Flux: Open-source text-to-image model with 12B parameters
Model variants, licensing & availability
- Three variants discussed:
- FLUX.1 [schnell]: 4‑step, Apache 2.0, open weights, “fast” but slightly lower quality.
- FLUX.1 [dev]: open weights with non‑commercial license, guidance‑distilled.
- FLUX.1 [pro]: highest quality, API-only, closed weights.
- Confusion and criticism around calling “dev” open source given usage restrictions; several argue “open weights” is more accurate.
- Some uncertainty over what “guidance-distilled” means and how exactly dev/pro differ in practice.
Image quality, prompt adherence & comparisons
- Many commenters find quality “remarkably good,” some saying dev/pro rival or exceed Midjourney 6.x and SD3, especially for photorealism and text-in-image.
- Schnell is praised for speed and surprisingly good text rendering; also reveals watermarks/logos from training data more clearly.
- Others note weak adherence in official examples (beach, cooking), missing requested elements, and vague “artsy” prompt wording.
- Flux often fails at complex compositional prompts, spatial relations, negation (“no X”), engineering diagrams, precise layouts, and specific stylistic requests (e.g., certain fine‑art painters).
Hardware, local use & tooling
- Official guidance: 12B parameters, ~24–33 GB VRAM typical; A100 not strictly required.
- Reports of workable setups: 24–32 GB gaming cards, 32 GB V100, Jetson AGX Orin (slow), and even 8–12 GB VRAM with heavy offloading (very slow).
- Mixed results on Apple Silicon due to bfloat16/MPS issues.
- Popular frontends: ComfyUI, StableSwarmUI, Automatic1111; schnell/dev already integrated.
Censorship, NSFW & bias
- Hosted endpoints apply NSFW filters; sometimes return black images.
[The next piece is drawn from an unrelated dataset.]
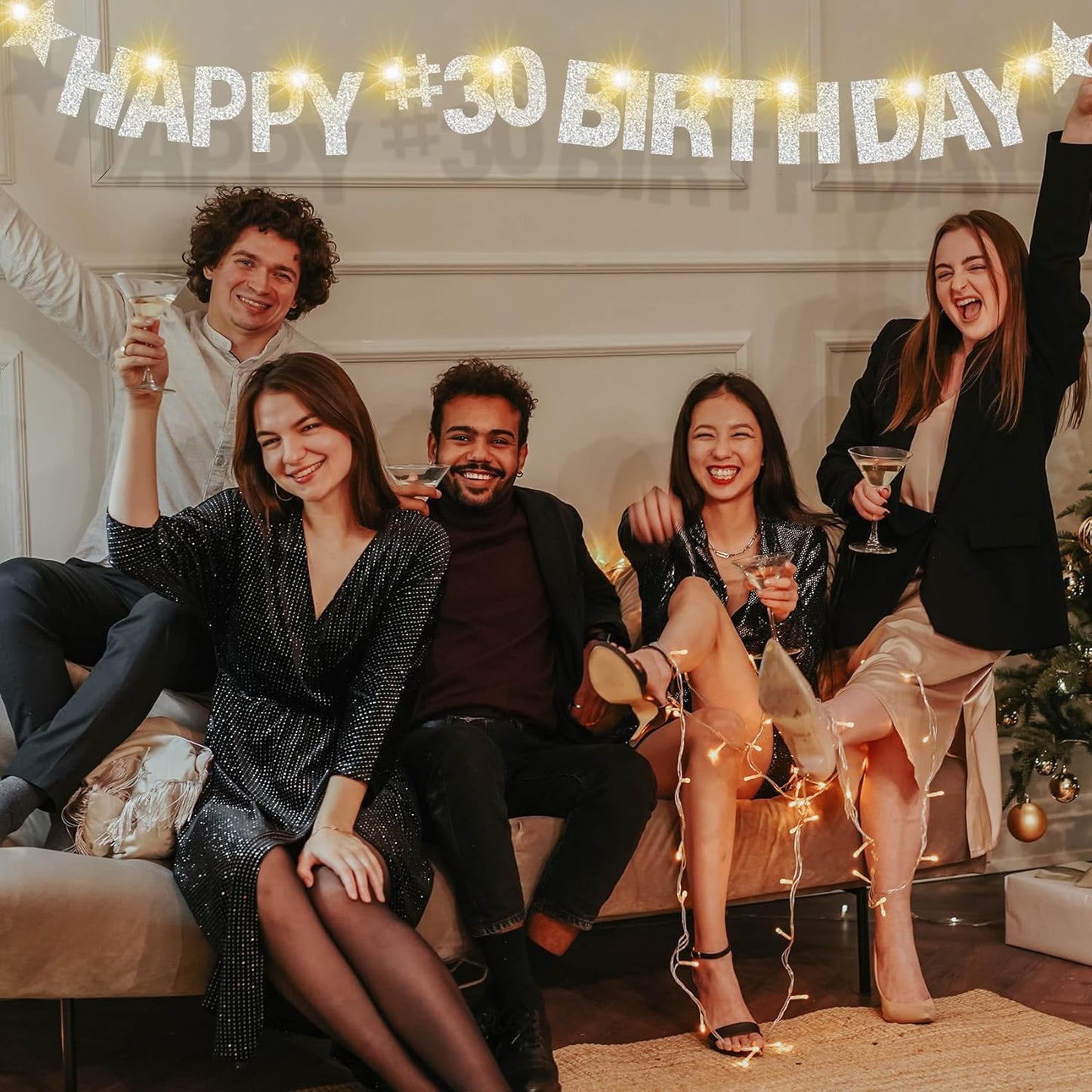 175Pcs DIY Glitter Customizable Banner Kit Happy Birthday Letter Banner Winter Wonderland Banners Snowflake Personalized Banners Decor Baby Shower Birthday Party Decorations Supplies(Glitter Silver)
This is attributed to post‑inference classifiers, not the core model, but shows the model can generate NSFW internally.
- Noted political bias: generic prompts like “a president” yield similar-looking specific figures.
- Some users explicitly seek uncensored local use and expect fast NSFW fine‑tunes.
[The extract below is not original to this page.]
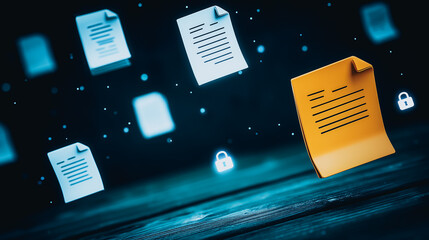 Poster - Secure Digital Documents: A conceptual image of floating documents, representing data security, with emphasis on the safeguarding of essential information through robust digital measures.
Data, IP & “open source” debate
- Strong debate over whether models are copyrightable, whether licenses on weights are enforceable, and if models are derivative works of training data.
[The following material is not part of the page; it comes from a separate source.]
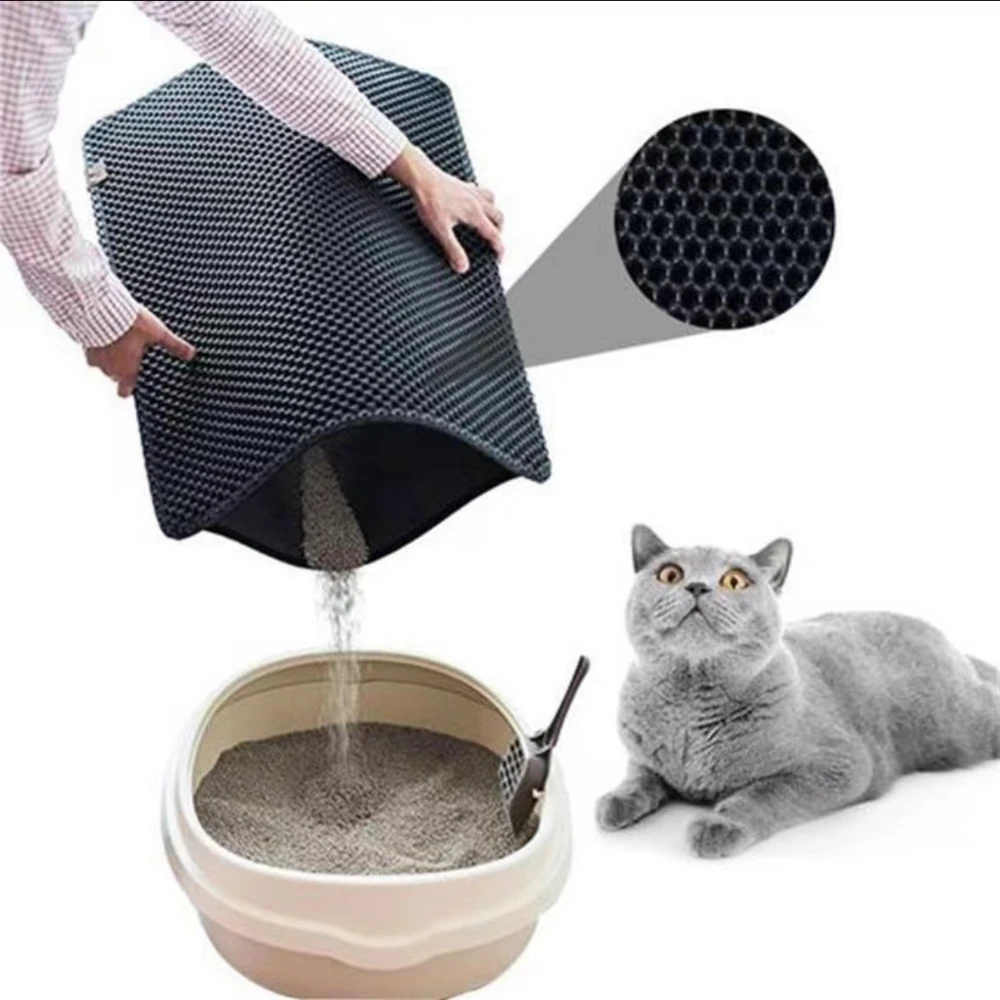 Pet Cat Litter Mat Waterproof EVA Double Layer Cat Litter Trapping Pet Litter Box Mat Clean Pad Products For Cats Accessories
- Concerns about learned logos/watermarks suggesting copyrighted sources; others argue training likely uses publicly visible, already‑quoted material.
- Broader argument over misuse of the term “open source” for models without training data and with restrictive terms.
fal.ai UX, pricing & positioning
- fal.ai clarifies it did not build Flux, only hosts optimized inference.
- Mixed feedback: initial no‑login access later gated; GitHub-only login; prompts lost on sign-in; “low balance” emails despite free credits; unclear free-tier limits.